When I discovered the Rocks Aroma Festival, I chose to send her an email with the link, asking if she’d like to go along.

For my sister’s birthday on Saturday, I chose to phone her and wish her all the best.

Each day we make choices as to how we will communicate particular things to particular people.

The same is true of ministry, but I feel in this context, email is too quickly selected as the best means of communication. It’s understandable - email communication is just so convenient. It doesn’t take long to write an email – and in fact, it takes the same time to send an email to one person as it does to send to your whole congregation. There are lots of efficiency gains to be had.

However, I think we need to be more discerning with when we use email to communicate. Not necessarily because of the disadvantages of email (though there are many!), but because of the advantages of personal (face-to-face or voice-to-voice) communication.

I’ve put together some guiding principles for when email should be avoided (based on my own observations and mistakes) – what do you think?

1. Avoid email…when you are asking someone to serve.

Inviting someone to participate in ministry is a special interaction. You are recognising that they have gifts and abilities that make them suitable to serve, and you are inviting them to use these gifts to serve the Body. It’s easy to think of asking someone to serve as simply filling a gap, but by making this a personal conversation (phone or face-to-face) you have the opportunity to encourage them (by noting the gifts you’ve seen that God has given them), and by painting a picture of the vision you have for the ministry, with their involvement.

2. Avoid email…when you need a quick response.
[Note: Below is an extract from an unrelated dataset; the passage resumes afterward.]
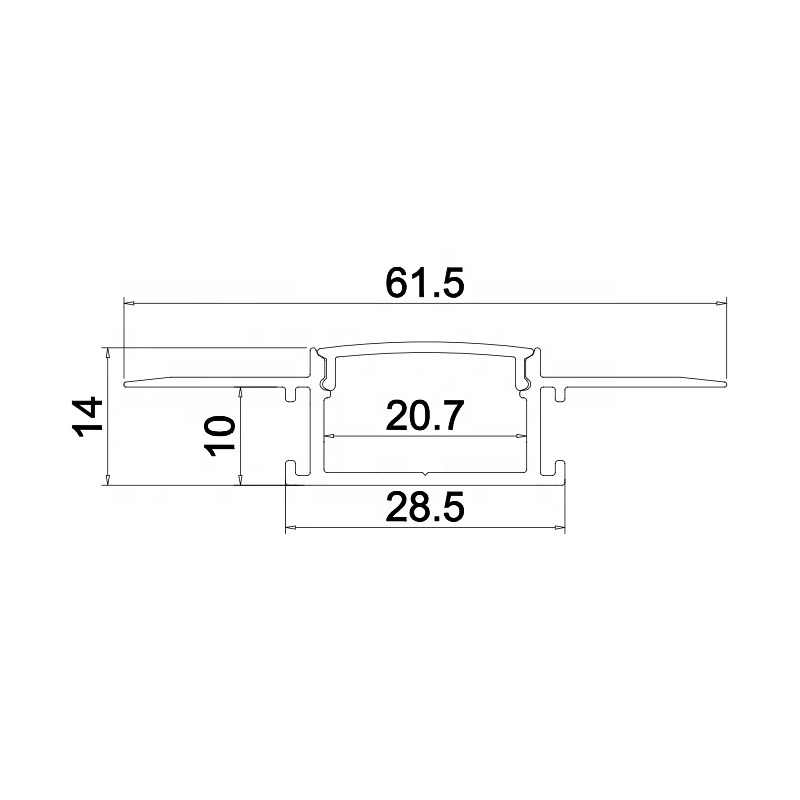 Alu-Tw6214 Gypsum Strip LED Channel LED Plaster Profile Recessed Drywall LED Aluminum Profile for Ceiling Wall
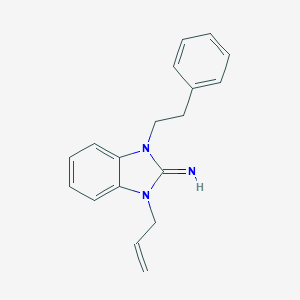 1-allyl-3-(2-phenylethyl)-1,3-dihydro-2H-benzimidazol-2-imine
If you need to confirm that Suzie can read the Bible at church on Sunday, if it’s less than four days out, a phone call is the best way to confirm. A phone call enables instant confirmation (rather than waiting for a response, or wondering if they even got the email!), and if they are unable to serve, you’ve still got time to find a replacement.

3. Avoid email…when you want to encourage someone.

Think of the difference if you were to receive an email encouraging you for the good job you did praying at church on Sunday, or if you received a phone call to communicate the same encouragement. The effort taken to make the phone call, plus the personal nature of the conversation, makes email the lesser option.

4. Avoid email…when you are upset.

I’ve sent emails when I’ve been upset, and this was foolish. I’ve said things that I would never have said in person. I’ve reacted to things that would have easily been clarified if I’d picked up the phone or met up in person. It’s easy to fire off an email when upset, but it’s a foolish option.

5. Avoid email…if there’s any chance your email might be misunderstood.

The written word is easily misunderstood – either because the writer may not have written clearly, or because the reader may have read with his or her own bias. Regardless, if there’s a chance that a misunderstanding might occur, the potential time spent in damage control dealing with the miscommunication will soon overtake the time you should have spent making the original phone call.

6. Avoid email…when you are cancelling or apologising.

It’s not easy to tell someone that you can no longer come along to an event, or can no longer (or would no longer like to) be involved in a particular ministry. Email is an easy way to communicate this, but I think it’s a cop-out. I think this is a simple issue of courtesy (and the same goes for cancelling via SMS!). Similarly, it’s much easier to apologise over email than in person. To apologise in person displays humility, plus you have the advantage of being able to ask for forgiveness, and for the other person to offer forgiveness, thus restoring the relationship.

7. Avoid email…when you have a suggestion on how to do something better (i.e. constructive criticism!).

When you send an email, you don’t know how the recipient is going. They could be having a terrible day/week/month. Your feedback could be the straw that breaks the camel’s back! Giving feedback in person allows you to see how the other person is going, read the visual cues, and communicate gently where necessary!

8. Avoid email…when you are rebuking.

Similar to the example above, delivering (and receiving) a rebuke isn’t easy at the best of times. In personal interactions, facial expressions and body language count for a lot (this video gives a good explanation of non-verbal cues). When rebuking, responding to these cues is important. Therefore, I would go the further step to suggest that the best way to rebuke is face-to-face, not even over the phone. 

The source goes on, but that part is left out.